En se passant de paroles, La Mue/tte libère les langages

Les Folles et L'un dans l'autre

"L'un dans l'autre"

“L’un dans l’autre” / ©David Siebert

En ce mois d’octobre, le Mouffetard – Théâtre de la marionnette à Paris a programmé successivement tous les spectacles de la compagnie La Mue/tte. Une invitation en forme de parcours, pour traverser l’univers de ce duo d’artistes difficilement situable, entre mime, musique, théâtre de marionnettes et d’objets. La Mue/tte se saisit de thèmes forts, pour leur appliquer un traitement singulier, qui donne à voir autrement ce dont on pensait déjà avoir fait le tour.

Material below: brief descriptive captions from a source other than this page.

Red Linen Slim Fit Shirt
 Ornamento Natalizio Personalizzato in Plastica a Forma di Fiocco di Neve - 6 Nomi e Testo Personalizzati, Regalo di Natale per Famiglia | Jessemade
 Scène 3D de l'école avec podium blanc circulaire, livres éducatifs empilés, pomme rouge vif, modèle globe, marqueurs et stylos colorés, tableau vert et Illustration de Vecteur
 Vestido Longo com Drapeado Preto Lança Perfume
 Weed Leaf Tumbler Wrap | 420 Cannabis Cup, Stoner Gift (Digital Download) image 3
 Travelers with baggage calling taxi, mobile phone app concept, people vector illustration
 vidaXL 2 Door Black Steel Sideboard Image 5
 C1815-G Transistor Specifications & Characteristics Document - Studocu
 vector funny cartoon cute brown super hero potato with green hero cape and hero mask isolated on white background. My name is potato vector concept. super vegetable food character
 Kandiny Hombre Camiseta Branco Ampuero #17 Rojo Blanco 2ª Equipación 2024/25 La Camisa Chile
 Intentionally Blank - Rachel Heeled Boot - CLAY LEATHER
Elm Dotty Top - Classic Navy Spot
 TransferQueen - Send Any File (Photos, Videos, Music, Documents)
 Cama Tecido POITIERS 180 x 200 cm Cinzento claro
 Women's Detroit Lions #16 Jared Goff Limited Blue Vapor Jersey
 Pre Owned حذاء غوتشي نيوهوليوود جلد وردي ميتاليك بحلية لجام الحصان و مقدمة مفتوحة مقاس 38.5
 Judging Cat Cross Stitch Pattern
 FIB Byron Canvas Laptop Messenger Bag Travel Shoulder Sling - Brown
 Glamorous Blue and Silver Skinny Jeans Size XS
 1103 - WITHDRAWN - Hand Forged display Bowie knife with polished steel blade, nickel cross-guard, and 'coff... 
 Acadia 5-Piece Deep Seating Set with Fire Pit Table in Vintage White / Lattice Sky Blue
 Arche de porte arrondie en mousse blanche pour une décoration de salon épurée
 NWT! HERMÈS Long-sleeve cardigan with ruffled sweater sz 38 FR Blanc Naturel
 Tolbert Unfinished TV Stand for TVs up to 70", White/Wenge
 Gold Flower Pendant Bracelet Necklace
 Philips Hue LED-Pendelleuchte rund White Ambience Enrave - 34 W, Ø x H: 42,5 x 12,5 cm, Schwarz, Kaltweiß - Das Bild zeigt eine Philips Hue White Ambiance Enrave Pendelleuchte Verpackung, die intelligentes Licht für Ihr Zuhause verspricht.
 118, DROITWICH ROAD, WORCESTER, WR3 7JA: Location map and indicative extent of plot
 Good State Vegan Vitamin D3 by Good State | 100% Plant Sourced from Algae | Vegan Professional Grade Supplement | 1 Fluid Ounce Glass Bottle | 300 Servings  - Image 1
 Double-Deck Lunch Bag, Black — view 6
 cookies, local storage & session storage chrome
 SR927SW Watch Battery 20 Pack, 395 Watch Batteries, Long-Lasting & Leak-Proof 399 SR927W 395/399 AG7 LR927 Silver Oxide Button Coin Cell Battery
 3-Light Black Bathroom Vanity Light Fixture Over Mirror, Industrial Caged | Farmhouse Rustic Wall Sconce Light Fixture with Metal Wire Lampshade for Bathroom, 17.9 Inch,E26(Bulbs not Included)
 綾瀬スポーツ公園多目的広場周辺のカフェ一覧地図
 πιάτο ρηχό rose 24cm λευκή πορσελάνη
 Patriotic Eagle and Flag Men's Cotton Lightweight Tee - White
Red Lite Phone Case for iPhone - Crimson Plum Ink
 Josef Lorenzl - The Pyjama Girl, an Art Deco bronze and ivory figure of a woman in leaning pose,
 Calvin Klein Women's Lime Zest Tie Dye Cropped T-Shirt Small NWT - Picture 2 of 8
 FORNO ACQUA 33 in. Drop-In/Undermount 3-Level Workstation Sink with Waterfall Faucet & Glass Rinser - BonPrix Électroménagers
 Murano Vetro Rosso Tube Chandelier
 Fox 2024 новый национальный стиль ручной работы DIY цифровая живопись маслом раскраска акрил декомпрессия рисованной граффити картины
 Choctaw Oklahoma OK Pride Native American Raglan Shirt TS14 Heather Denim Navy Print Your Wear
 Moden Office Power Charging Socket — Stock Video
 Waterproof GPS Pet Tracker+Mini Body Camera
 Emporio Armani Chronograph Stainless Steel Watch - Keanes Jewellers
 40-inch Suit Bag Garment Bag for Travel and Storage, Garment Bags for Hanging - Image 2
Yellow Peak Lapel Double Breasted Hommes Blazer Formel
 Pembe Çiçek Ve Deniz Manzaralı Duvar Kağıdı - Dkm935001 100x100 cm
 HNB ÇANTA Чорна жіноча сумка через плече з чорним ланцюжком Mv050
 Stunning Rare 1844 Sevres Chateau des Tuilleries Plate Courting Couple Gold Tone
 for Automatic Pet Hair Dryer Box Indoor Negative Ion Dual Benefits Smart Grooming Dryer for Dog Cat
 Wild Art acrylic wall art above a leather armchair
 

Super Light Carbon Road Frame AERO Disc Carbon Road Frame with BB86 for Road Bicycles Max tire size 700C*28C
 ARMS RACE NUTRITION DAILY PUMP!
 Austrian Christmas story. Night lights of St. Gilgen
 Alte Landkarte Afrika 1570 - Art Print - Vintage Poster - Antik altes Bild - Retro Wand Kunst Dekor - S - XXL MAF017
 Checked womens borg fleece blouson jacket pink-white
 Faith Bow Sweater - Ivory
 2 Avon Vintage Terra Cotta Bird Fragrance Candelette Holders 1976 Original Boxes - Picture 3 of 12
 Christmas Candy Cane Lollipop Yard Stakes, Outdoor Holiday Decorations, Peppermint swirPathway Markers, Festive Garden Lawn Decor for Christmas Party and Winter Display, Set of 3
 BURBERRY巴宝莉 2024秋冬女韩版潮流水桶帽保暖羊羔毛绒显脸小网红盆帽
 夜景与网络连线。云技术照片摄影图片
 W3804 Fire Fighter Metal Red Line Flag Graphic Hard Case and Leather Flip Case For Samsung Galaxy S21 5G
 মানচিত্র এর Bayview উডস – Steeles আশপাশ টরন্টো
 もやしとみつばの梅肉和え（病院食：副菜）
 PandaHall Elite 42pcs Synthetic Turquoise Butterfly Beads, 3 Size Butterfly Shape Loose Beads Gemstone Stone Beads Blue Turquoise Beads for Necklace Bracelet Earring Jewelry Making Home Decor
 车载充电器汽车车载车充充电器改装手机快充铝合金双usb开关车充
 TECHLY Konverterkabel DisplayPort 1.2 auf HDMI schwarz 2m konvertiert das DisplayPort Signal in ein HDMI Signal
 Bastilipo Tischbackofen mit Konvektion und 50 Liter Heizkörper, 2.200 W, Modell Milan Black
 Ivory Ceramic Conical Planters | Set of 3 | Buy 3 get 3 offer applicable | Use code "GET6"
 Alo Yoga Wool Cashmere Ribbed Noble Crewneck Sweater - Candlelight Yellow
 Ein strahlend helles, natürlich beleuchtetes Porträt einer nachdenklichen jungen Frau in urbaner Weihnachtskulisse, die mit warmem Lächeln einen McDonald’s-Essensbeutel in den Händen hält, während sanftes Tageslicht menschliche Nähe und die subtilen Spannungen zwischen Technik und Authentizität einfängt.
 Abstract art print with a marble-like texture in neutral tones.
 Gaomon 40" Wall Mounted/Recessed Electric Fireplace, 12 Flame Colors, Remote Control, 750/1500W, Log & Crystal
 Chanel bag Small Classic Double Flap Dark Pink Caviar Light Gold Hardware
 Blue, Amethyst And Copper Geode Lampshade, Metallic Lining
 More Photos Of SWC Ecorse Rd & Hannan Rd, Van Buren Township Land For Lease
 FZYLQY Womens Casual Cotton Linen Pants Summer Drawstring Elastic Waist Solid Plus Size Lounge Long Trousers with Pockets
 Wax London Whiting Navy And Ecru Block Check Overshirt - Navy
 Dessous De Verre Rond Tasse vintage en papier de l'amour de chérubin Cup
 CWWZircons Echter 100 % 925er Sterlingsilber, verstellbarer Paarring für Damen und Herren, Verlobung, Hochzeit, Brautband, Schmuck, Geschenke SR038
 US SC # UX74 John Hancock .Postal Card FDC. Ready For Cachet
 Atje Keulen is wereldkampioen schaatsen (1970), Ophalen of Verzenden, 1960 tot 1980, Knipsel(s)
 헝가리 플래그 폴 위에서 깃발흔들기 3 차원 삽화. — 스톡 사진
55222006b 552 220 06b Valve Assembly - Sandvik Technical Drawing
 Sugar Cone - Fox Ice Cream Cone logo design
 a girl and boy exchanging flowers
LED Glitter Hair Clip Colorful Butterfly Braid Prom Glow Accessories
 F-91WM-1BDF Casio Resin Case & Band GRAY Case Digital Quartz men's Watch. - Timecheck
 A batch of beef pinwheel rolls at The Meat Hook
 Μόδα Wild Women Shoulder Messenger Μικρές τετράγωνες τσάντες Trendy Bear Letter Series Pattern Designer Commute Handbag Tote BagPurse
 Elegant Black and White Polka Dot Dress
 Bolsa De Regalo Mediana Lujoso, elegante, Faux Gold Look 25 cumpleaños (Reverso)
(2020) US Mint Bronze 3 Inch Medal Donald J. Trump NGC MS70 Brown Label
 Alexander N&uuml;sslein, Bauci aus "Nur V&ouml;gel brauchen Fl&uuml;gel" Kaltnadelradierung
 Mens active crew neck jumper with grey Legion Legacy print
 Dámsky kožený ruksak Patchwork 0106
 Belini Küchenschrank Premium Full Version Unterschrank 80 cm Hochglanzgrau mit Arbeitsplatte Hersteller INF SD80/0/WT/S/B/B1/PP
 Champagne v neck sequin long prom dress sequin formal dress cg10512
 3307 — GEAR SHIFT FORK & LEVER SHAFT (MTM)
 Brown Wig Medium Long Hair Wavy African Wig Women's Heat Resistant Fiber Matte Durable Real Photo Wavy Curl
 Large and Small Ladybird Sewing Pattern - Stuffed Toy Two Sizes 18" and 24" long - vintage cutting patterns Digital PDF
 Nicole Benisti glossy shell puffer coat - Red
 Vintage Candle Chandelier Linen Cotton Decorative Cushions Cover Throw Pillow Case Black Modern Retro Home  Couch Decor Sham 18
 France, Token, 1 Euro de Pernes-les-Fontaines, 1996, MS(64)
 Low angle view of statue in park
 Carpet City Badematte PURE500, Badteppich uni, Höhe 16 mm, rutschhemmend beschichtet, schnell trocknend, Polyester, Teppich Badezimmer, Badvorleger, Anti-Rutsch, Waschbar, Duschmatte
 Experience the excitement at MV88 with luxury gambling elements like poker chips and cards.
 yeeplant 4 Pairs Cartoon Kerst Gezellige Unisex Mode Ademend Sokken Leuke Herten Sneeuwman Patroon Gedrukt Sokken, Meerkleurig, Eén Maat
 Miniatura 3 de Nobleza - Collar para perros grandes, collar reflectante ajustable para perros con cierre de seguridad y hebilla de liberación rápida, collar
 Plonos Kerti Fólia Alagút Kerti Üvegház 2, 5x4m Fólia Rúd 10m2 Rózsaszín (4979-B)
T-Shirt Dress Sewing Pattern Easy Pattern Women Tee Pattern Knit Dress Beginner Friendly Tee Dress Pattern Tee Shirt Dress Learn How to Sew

Les rôles dans le couple, les jeux de l’inconscient et la solubilité des genres (pour « L’un dans l’autre »). L’arrachement, la lutte contre l’oppression, la conquête de la dignité et, au-delà, de la liberté (pour « Les Folles »). Assurément les thèmes abordés par les deux formes longues de la compagnie La Mue/tte sont à la fois très actuels, et indubitablement essentiels. Certes, ils ont déjà été traités par d’autres, et brillamment parfois, mais rarement dans les formes invoquées par Delphine Bardot et Santiago Moreno.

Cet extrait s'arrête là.